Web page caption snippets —
┌──
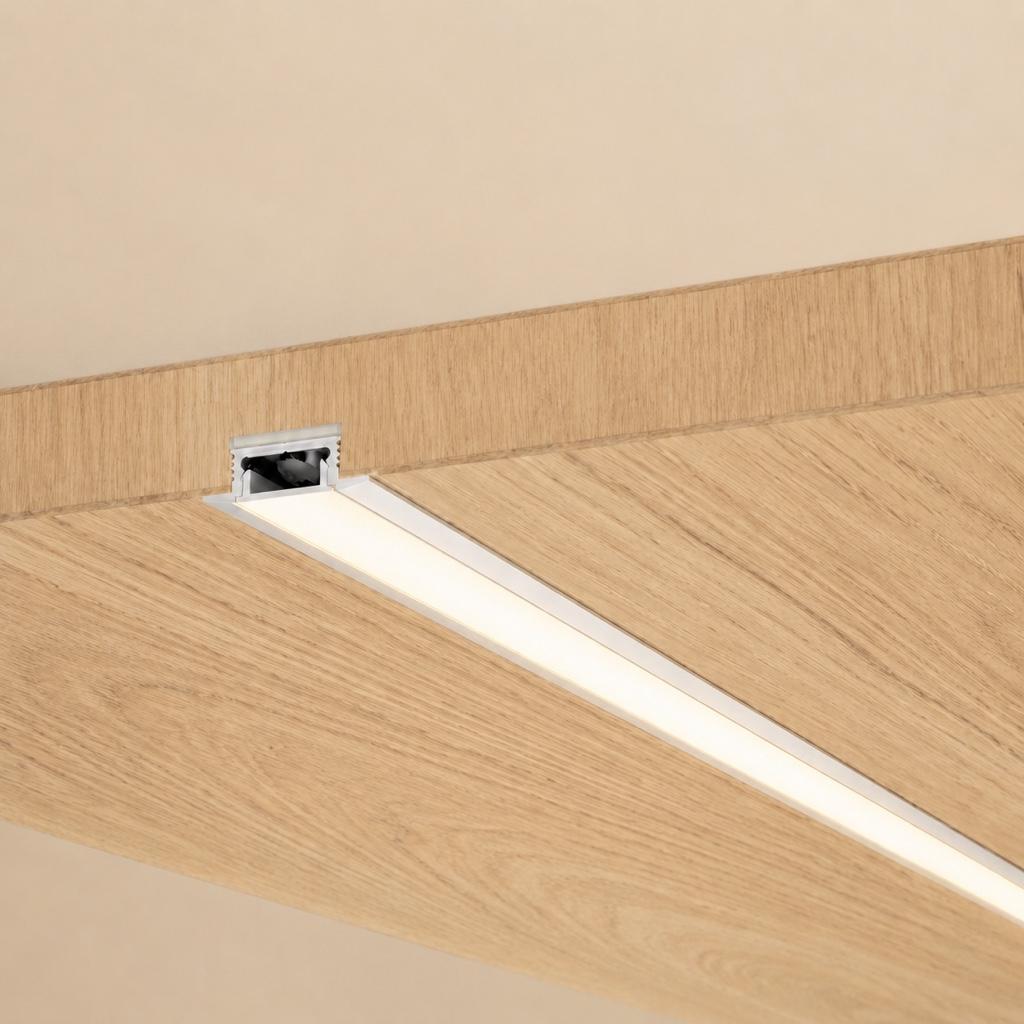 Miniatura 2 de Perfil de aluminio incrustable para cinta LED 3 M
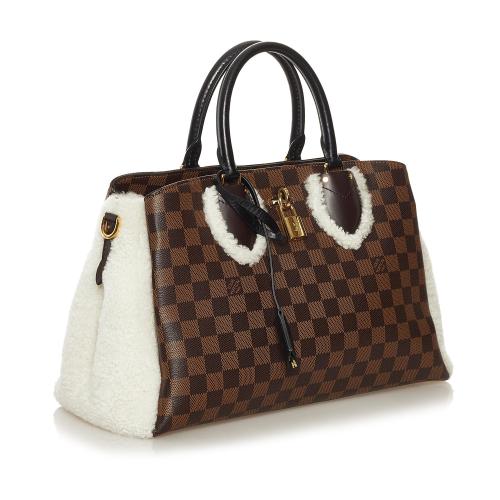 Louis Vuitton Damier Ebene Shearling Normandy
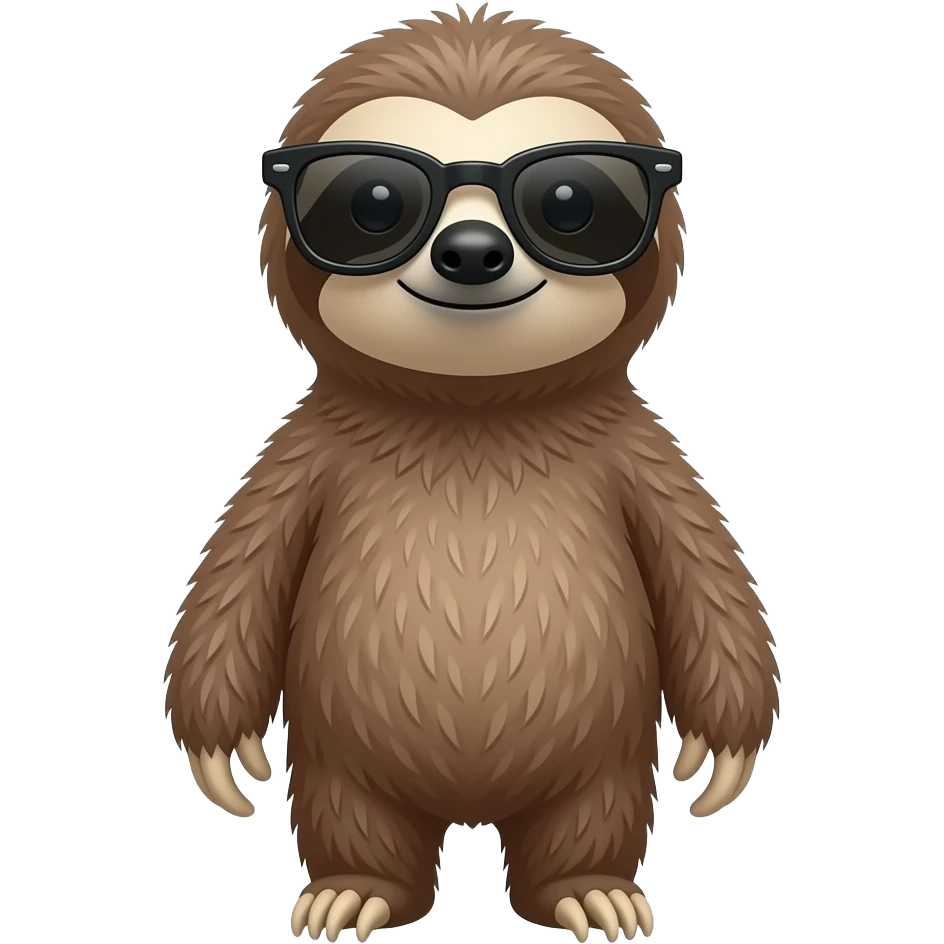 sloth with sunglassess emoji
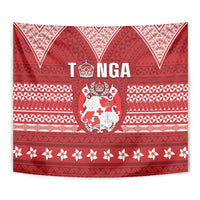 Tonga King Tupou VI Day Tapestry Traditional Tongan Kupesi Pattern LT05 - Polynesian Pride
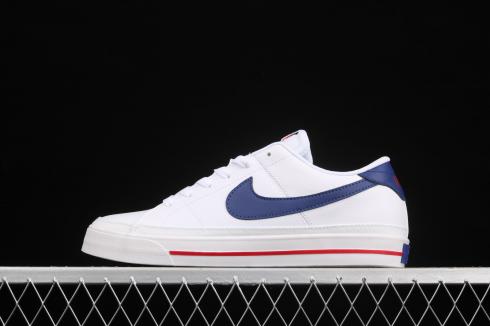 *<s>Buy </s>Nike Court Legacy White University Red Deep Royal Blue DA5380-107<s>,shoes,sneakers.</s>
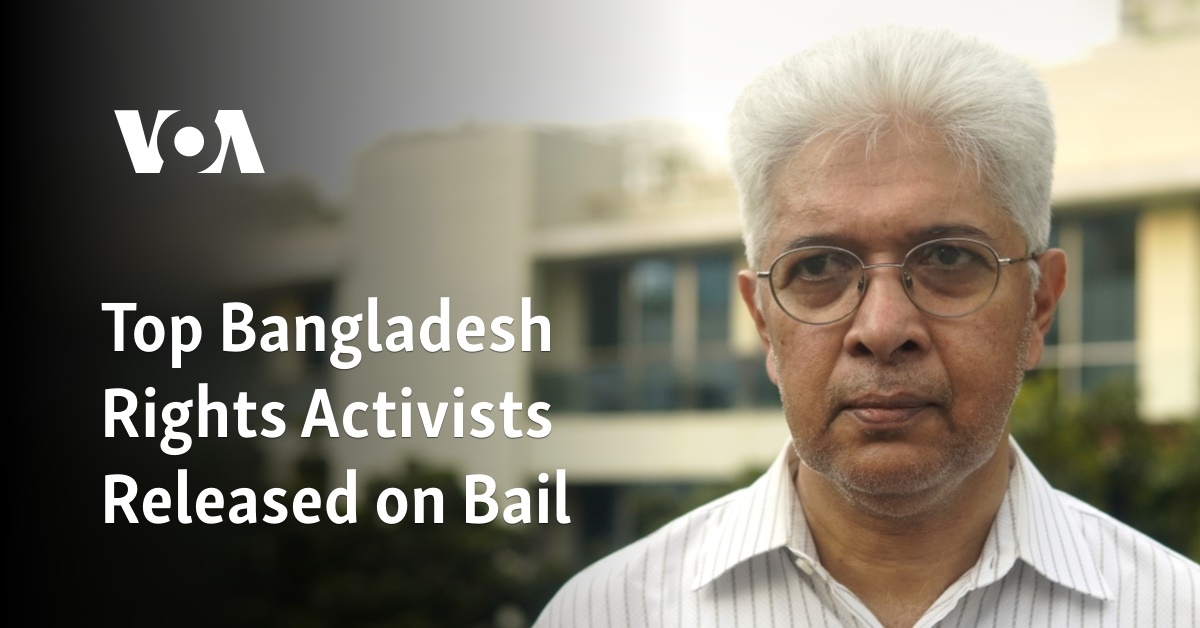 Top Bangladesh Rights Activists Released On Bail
└──
Instructions to follow — Print each record exactly as it stands, leaving the images out.

Answer for this exercise —
 Miniatura 2 de Perfil de aluminio incrustable para cinta LED 3 M
 Louis Vuitton Damier Ebene Shearling Normandy
 sloth with sunglassess emoji
 Tonga King Tupou VI Day Tapestry Traditional Tongan Kupesi Pattern LT05 - Polynesian Pride
 *<s>Buy </s>Nike Court Legacy White University Red Deep Royal Blue DA5380-107<s>,shoes,sneakers.</s>
 Top Bangladesh Rights Activists Released On Bail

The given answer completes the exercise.